Considerando que a dívida da prefeitura de Passos seja realmente 50 milhões de reais, pelo menos a metade dela, ou seja 25 milhões de reais, foi contraída junto ao INSS e refere-se aos exercícios dos anos de 2009 a 2011, período no qual o atual prefeito foi secretario daquela administração e quando não exercia qualquer cargo na prefeitura.
 

Como todos sabem recebi a prefeitura em janeiro de 2013, com dívidas de mais de 15 milhões de reais e que foram pagos integralmente na minha gestão. Assim também foram pagos 5 milhões de reais referentes a precatórios (dívidas de outras gestões) e igual valor em ações da chamada Judicialização da Saúde, que não era de responsabilidade da prefeitura e sim do governo do estado.

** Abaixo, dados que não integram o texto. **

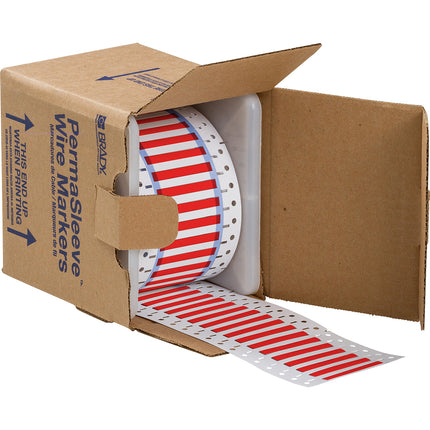 76 mm Core PermaSleeve Polyolefin Wire Marking Sleeves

Somando todos estes valores acima, não existiria mais tal dívida. 
 

Apesar da vertiginosa queda de arrecadação do nosso município nos últimos anos (amplamente divulgada pelo Folha da Manhã  e pela mídia em geral), conseguimos valorizar e pagar os salários dos servidores da prefeitura em dia, promover ações importantes na área da saúde, o que permitiu a cidade receber duas faculdades de medicina, realizar obras de pavimentação  e asfalto em muitas ruas de diversos bairros, construir e reformar escolas, quadras, o CEU - Centro de educação e artes, construir 528 moradias, obras como Avenida Sabia e contenção de enchentes, conquistar o SAMU, o OLHO VIVO, a Escola de Soldados Alunos, etc.  Tudo isto foi realizado, apesar de termos enfrentado uma das piores crises econômicas com diminuição significativa nos repasses de verbas importantes para a cidade como FPM - Fundo de Participação dos Municípios. 
 

Para comprovar isto, basta verificar a situação de outras cidades com maiores recursos e que foram manchetes na mídia, por falta de pagamento de salários dos servidores, caos na área da saúde ou por comprometimento de serviços essenciais. 
 

Passos ao contrário disto, manteve os serviços essenciais funcionando muito bem para atender a sua população.
 

Surpreende-nos agora a atual administração ao decretar estado de calamidade financeira nos primeiros dias, período em que a arrecadação atinge um dos melhores momentos. Imaginem então como será a partir de julho, quando não haverá tantos recursos como agora.
 

Então, deverá ser assinado  Decreto entregando a cidade a Deus, como fez o prefeito de Santo Antônio de Pádua. Vamos esperar para ver! Se isto acontecer, aí a incompetência será ainda maior.